Selepas sarapan kami diijinkan langsung meninggalkan Waerebo, tak perlu ada
upacara adat atau apapun lagi, selain membayar biaya menginap tentunya. Jadi
setelah sarapan, kami beberes dan berat rasanya melangkahkan kaki untuk
meninggalkan desa cantik ini (berat juga karena 30 menit pertama jalanannya
menanjak). Perjalanan kembali lebih menantang, karena jalanan menurun dan licin
membuat kami beberapa kali terpeleset. Setelah 1,5 jam, kami sampai di parkiran
dan bernafas lega melihat motor masih terparkir rapi. Saya pun bernafas lega
karena tak melihat satu lintahpun dalam treking Waerebo ini. Tepat di dekat
parkiran terdapat sungai yang berair sangat jernih, disana kami membasuh muka
dan sepatu yang telah dipenuhi lumpur tebal, kemudian melanjutkan perjalanan
panjang kembali menuju Ruteng.
view selama treking |
jalannya licin dan berlumpur |
sungai jernih dan segar, with lil surprise |
Buka mata, nikmatilah perjalanan!
Karena
kami merasa begitu mengenal jalan, kami berkendara tanpa dibantu Gmaps menuju
Ruteng, tak lupa berhenti sebentar di pesisir pantai untuk update sosmed karena sinyal 3G pertama kali ada di sana. Saat
memeriksa HP itulah saya baru sadar bahwa ada seekor lintah gendut yang melekat
di dekat jempol tangan! Lintah itu pasti sudah melekat selama 30 menit sejak di
sungai parkiran motor! Dengan mudah saya sentil lindah itu dari tangan, dan
meski darah susah berhenti, tidak ada perasaan gatal, tidak ada bentol, tak
seperti setelah digigit nyamuk atau kutu busuk. Hei, digigit lintah tak seburuk
itu! Pantas saja ada terapi kesehatan menggunakan lintah. Perjalanan kembali
dilanjutkan, dengan kami masih terkagum-kagum dengan indahnya terasering sawah
di sepanjang jalan. Sampai akhirnya kami tersasar ke Pantai! Ternyata kami lupa
mengambil persimpangan ke kiri dan telah melenceng lumayan jauh dari jalur
seharusnya, untungnya bisa buka Gmaps.
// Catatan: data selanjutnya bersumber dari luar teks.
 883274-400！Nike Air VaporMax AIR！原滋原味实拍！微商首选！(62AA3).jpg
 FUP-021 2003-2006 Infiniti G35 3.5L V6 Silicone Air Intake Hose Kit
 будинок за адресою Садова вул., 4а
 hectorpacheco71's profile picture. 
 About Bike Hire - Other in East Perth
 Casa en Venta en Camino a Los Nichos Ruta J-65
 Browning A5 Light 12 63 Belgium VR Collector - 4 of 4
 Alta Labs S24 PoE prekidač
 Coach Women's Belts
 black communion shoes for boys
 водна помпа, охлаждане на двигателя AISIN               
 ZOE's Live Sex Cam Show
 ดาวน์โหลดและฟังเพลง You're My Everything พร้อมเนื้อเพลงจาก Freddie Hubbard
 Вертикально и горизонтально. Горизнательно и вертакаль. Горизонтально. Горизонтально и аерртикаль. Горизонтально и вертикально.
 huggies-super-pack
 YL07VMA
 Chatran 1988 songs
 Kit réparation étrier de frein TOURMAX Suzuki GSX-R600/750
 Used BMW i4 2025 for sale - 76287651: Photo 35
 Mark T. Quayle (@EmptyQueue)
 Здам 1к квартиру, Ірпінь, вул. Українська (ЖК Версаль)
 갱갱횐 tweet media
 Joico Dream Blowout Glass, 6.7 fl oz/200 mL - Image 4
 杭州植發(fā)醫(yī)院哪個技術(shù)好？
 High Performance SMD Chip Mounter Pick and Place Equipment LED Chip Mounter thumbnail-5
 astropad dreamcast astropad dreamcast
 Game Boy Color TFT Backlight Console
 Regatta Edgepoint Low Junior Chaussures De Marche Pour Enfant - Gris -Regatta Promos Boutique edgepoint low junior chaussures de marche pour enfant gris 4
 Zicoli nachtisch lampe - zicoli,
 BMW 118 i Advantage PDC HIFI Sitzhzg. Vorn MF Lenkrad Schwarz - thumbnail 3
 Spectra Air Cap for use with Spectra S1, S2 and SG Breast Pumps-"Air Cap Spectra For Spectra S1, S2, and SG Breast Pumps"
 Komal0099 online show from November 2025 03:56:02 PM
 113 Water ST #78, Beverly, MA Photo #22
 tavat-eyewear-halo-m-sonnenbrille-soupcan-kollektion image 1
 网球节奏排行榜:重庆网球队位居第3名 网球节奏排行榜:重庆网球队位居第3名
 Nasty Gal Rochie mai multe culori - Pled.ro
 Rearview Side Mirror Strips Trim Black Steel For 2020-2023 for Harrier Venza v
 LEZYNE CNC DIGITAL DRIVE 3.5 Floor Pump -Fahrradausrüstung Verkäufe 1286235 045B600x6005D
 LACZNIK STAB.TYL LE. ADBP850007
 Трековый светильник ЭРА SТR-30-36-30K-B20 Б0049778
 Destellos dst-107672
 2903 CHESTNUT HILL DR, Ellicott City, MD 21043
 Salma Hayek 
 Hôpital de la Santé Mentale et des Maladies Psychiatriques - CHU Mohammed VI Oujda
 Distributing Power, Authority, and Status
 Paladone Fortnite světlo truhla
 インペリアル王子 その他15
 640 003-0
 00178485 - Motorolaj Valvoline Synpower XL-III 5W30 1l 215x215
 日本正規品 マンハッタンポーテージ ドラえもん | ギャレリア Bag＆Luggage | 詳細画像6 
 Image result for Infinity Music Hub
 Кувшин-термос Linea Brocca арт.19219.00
Kali ini kami menghamba ke Gmaps untuk
jalur kembali, dan ternyata kami diarahkan ke jalur lain menuju Ruteng, karena
memang ada 2 jalur dari Ruteng ke Waerebo.
donor darah bagi lintah |
Rute
kali ini sama menantang dengan rute sebelumnya, kami harus melewati sempadan
sawah lengkap dengan batu-batu besar berdirinya selama beberapa kilometer
(serta dilihat dengan heran oleh petani-petani). Bagi saya pribadi rute kedua
sebenarnya lebih baik dan lebih singkat dari rute kemarin. Selepas sawah-sawah,
kami memasuki jalan aspal mulus, aspal sedang, hingga aspal tak berbentuk!
Bahkan saya sempat berhenti untuk menolong anak kecil yang membawa pupuk
sekarung, pupuknya jatuh dari boncengan karena lubang-lubang di jalan. Semakin
mendekati Ruteng kami seperti memasuki kawasan hutan lindung begitu rindang,
dan kabut begitu pekat menyelimuti, tapi pemandangan sepanjang jalan tetap terlihat
indah. Sekitar 3 jam berkendara dan kami sampai lagi di Ruteng! Ruteng terasa
hangat setelah melewati lautan kabut di perjalanan.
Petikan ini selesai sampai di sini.